▶ _TASK DETAILS_:
The answer must consist only of the lines from the line with "Béret Gavroche Carreaux" to the line with "Larui Plus Size", both included, exactly as they stand below.

▶ _EXERCISE DATA_:
-=-=-

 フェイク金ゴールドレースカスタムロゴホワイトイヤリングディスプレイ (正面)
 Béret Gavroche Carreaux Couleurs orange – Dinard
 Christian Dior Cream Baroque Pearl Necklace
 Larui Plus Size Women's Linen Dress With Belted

-=-=-

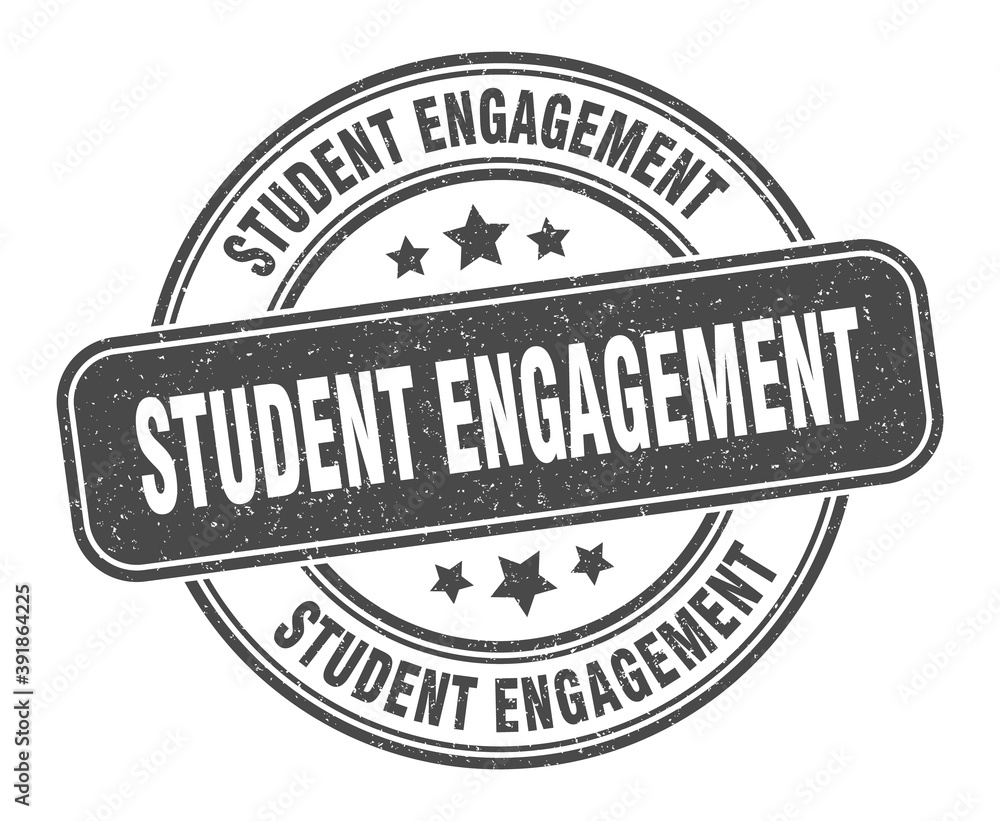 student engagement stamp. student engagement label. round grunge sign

-=-=-

▶ _ANSWER SECTION_:
 Béret Gavroche Carreaux Couleurs orange – Dinard
 Christian Dior Cream Baroque Pearl Necklace
 Larui Plus Size Women's Linen Dress With Belted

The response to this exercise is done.